> [Data for the task]:
-=-=-=-=-

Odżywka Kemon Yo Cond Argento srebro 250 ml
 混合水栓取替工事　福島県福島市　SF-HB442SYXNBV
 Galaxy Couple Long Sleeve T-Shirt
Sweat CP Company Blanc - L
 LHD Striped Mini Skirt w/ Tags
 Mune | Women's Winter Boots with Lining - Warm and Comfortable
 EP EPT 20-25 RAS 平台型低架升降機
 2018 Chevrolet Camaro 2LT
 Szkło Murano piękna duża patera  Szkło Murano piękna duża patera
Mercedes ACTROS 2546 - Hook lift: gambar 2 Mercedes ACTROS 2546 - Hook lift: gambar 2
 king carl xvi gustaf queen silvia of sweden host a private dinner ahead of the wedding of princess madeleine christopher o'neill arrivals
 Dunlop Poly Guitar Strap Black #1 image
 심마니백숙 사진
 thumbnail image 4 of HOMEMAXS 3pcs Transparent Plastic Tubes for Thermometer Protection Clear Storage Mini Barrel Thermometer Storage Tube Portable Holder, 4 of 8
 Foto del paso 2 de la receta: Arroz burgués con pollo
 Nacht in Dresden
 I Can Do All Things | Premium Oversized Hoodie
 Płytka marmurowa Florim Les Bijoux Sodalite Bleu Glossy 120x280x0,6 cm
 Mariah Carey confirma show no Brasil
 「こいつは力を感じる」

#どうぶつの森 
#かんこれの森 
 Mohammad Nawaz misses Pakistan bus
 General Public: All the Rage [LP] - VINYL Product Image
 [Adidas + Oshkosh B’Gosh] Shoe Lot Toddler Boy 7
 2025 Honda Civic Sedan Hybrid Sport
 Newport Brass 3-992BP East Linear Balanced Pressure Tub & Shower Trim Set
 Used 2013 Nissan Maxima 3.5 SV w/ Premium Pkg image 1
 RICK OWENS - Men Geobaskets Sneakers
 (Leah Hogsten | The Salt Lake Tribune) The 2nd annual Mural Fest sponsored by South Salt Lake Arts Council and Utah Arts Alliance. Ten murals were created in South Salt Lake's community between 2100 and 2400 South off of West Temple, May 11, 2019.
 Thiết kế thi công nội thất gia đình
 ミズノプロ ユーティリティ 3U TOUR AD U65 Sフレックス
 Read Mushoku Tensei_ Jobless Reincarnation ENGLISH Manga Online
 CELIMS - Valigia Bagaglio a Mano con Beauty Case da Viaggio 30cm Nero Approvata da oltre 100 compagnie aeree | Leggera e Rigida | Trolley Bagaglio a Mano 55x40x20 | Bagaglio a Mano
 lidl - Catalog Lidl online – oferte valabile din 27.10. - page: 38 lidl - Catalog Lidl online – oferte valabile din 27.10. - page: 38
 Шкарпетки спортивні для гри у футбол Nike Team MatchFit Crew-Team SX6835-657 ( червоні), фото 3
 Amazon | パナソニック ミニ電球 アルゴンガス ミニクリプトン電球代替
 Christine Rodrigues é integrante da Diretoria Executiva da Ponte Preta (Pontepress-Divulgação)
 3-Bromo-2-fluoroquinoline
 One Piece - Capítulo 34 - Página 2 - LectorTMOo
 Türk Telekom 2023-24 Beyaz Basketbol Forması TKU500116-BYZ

-=-=-=-=-

> [Your instructions]:
Write each entry out again, exactly as it reads above.

> [Exercise answer]:
Odżywka Kemon Yo Cond Argento srebro 250 ml
 混合水栓取替工事　福島県福島市　SF-HB442SYXNBV
 Galaxy Couple Long Sleeve T-Shirt
Sweat CP Company Blanc - L
 LHD Striped Mini Skirt w/ Tags
 Mune | Women's Winter Boots with Lining - Warm and Comfortable
 EP EPT 20-25 RAS 平台型低架升降機
 2018 Chevrolet Camaro 2LT
 Szkło Murano piękna duża patera  Szkło Murano piękna duża patera
Mercedes ACTROS 2546 - Hook lift: gambar 2 Mercedes ACTROS 2546 - Hook lift: gambar 2
 king carl xvi gustaf queen silvia of sweden host a private dinner ahead of the wedding of princess madeleine christopher o'neill arrivals
 Dunlop Poly Guitar Strap Black #1 image
 심마니백숙 사진
 thumbnail image 4 of HOMEMAXS 3pcs Transparent Plastic Tubes for Thermometer Protection Clear Storage Mini Barrel Thermometer Storage Tube Portable Holder, 4 of 8
 Foto del paso 2 de la receta: Arroz burgués con pollo
 Nacht in Dresden
 I Can Do All Things | Premium Oversized Hoodie
 Płytka marmurowa Florim Les Bijoux Sodalite Bleu Glossy 120x280x0,6 cm
 Mariah Carey confirma show no Brasil
 「こいつは力を感じる」

#どうぶつの森 
#かんこれの森 
 Mohammad Nawaz misses Pakistan bus
 General Public: All the Rage [LP] - VINYL Product Image
 [Adidas + Oshkosh B’Gosh] Shoe Lot Toddler Boy 7
 2025 Honda Civic Sedan Hybrid Sport
 Newport Brass 3-992BP East Linear Balanced Pressure Tub & Shower Trim Set
 Used 2013 Nissan Maxima 3.5 SV w/ Premium Pkg image 1
 RICK OWENS - Men Geobaskets Sneakers
 (Leah Hogsten | The Salt Lake Tribune) The 2nd annual Mural Fest sponsored by South Salt Lake Arts Council and Utah Arts Alliance. Ten murals were created in South Salt Lake's community between 2100 and 2400 South off of West Temple, May 11, 2019.
 Thiết kế thi công nội thất gia đình
 ミズノプロ ユーティリティ 3U TOUR AD U65 Sフレックス
 Read Mushoku Tensei_ Jobless Reincarnation ENGLISH Manga Online
 CELIMS - Valigia Bagaglio a Mano con Beauty Case da Viaggio 30cm Nero Approvata da oltre 100 compagnie aeree | Leggera e Rigida | Trolley Bagaglio a Mano 55x40x20 | Bagaglio a Mano
 lidl - Catalog Lidl online – oferte valabile din 27.10. - page: 38 lidl - Catalog Lidl online – oferte valabile din 27.10. - page: 38
 Шкарпетки спортивні для гри у футбол Nike Team MatchFit Crew-Team SX6835-657 ( червоні), фото 3
 Amazon | パナソニック ミニ電球 アルゴンガス ミニクリプトン電球代替
 Christine Rodrigues é integrante da Diretoria Executiva da Ponte Preta (Pontepress-Divulgação)
 3-Bromo-2-fluoroquinoline
 One Piece - Capítulo 34 - Página 2 - LectorTMOo
 Türk Telekom 2023-24 Beyaz Basketbol Forması TKU500116-BYZ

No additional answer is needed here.